What Is Share With Questions. Companies usually issue shares in the form of shares in order to acquire equity, e.g. for new investments. The money is given to the stock corporation for an indefinite period of time, i.e. not paid back. With their shares, investors participate in the company’s economic development: This means that everyone bears losses up to the amount of their investment. If the company goes bankrupt, the shares can become worthless. If a company makes a profit, the general meeting can decide to distribute part of the profit to investors as dividends.
If you have made a profit from the selling of your shares or earned dividends from public corporations, they are taxable.

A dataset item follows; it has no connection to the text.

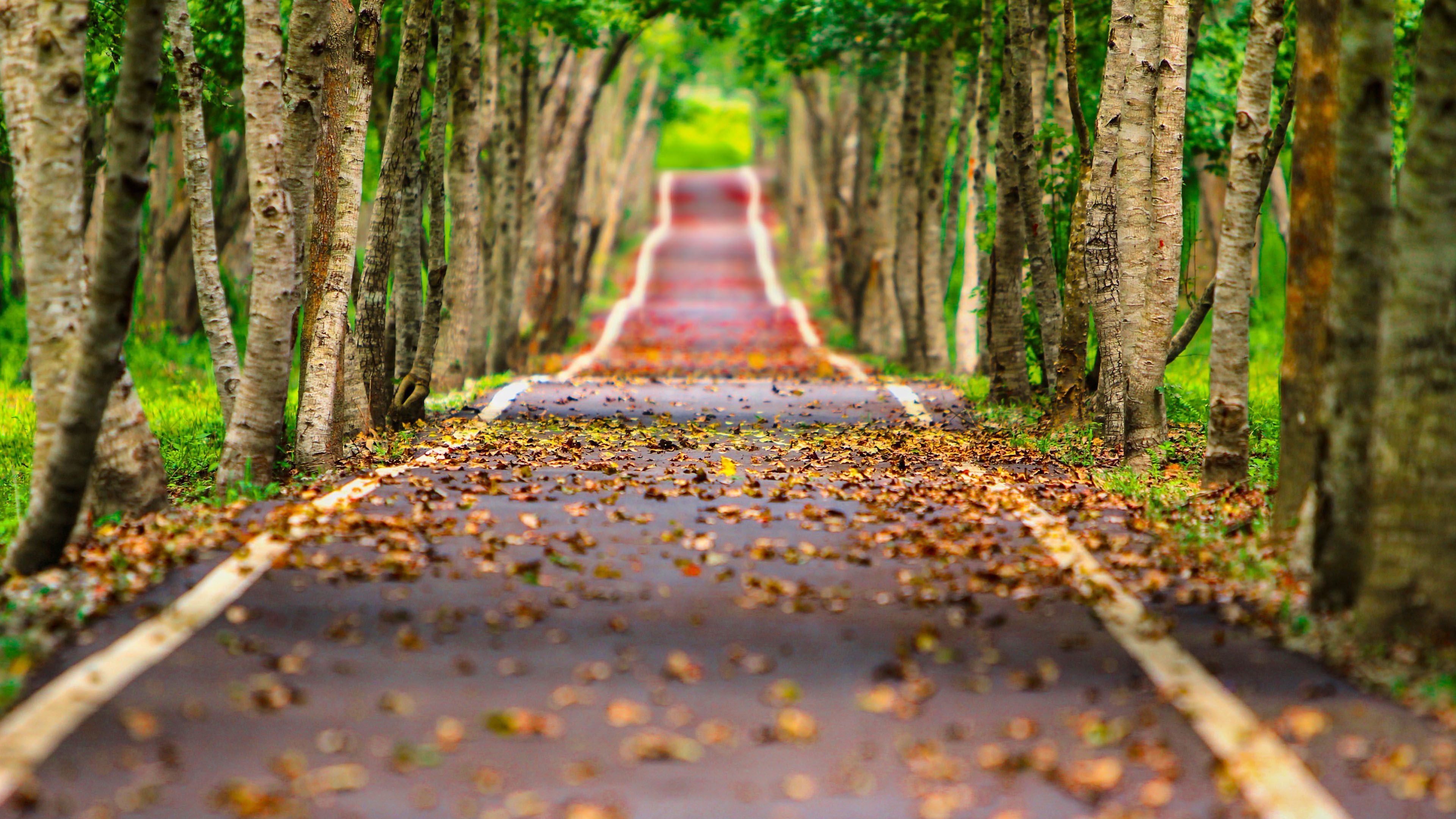 Autumn Trees Wallpaper - HD Wallpaper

There are costs involved with the purchase, holding and disposal of shares.
Possible goals: When could investing in stocks make sense for me?
If an investor wants to participate directly in the means of production with his money, he buys into a company. So he acquires an entrepreneurial stake. For small investors, it is a good idea to participate in a company’s economic development by buying shares. However, they are also exposed to the risks of business development.
Risks: What are the dangers of investing in stocks?
The value of stocks fluctuates. Stock prices do not necessarily move in line with a company’s current earnings. The economic development of the company expected by market participants can also be reflected in them, both positively and negatively. The prices of shares also depend on other influences that have little to do with the company itself. For example, the overall economic situation or the political situation in a country can have an impact on the course. In the event of poor corporate or macroeconomic development, the share price can fall. If the company goes bankrupt, the stock can ultimately become worthless. The money invested would then be lost. Therefore it makes sense to
Retail investors shouldn’t just check the prices of the past few months before buying a particular stock. Until investing, do as much homework as possible about the venture. And decide rationally, not on the basis of supposedly hot tips, where to spend your money and how much.
Use: What can I get from investing in stocks?
When you buy a stock, you are entering into an entrepreneurial stake. If the company makes a profit, you as a shareholder can participate in part of the profit through a dividend payment. If the market also assesses the company’s future prospects positively, the demand for the shares and thus their price may increase. This benefits you at the moment when you can sell your paper again at a better price than you paid yourself at the time.
Own duties: What are my obligations and costs when buying a share?
In order to buy, hold and sell a share, you need a so-called deposit account. A custody account also causes running costs.
You can save money here if you find out about the fees and costs of banks in advance. These fees and costs are listed in the so-called list of prices and services. This also contains information on the so-called transaction costs, i.e. the costs and fees that are generally incurred when buying or selling a share. You should therefore check the price and service specifications carefully and, if necessary, compare different offers.
If you have decided to buy or sell a share, your bank / advisor is obliged to provide you with all costs in connection with the purchase or sale of your share in good time in advance by means of so-called ex-ante cost information – independently whether you buy or sell the stock without advice or with advice.
NOTE: As a purchaser, you are liable for working out if the price of the share is warranted. This could be challenging for institutional investors. Therefore, you can first get acquainted with the respective business and this sort of investing before you plan to invest in stocks.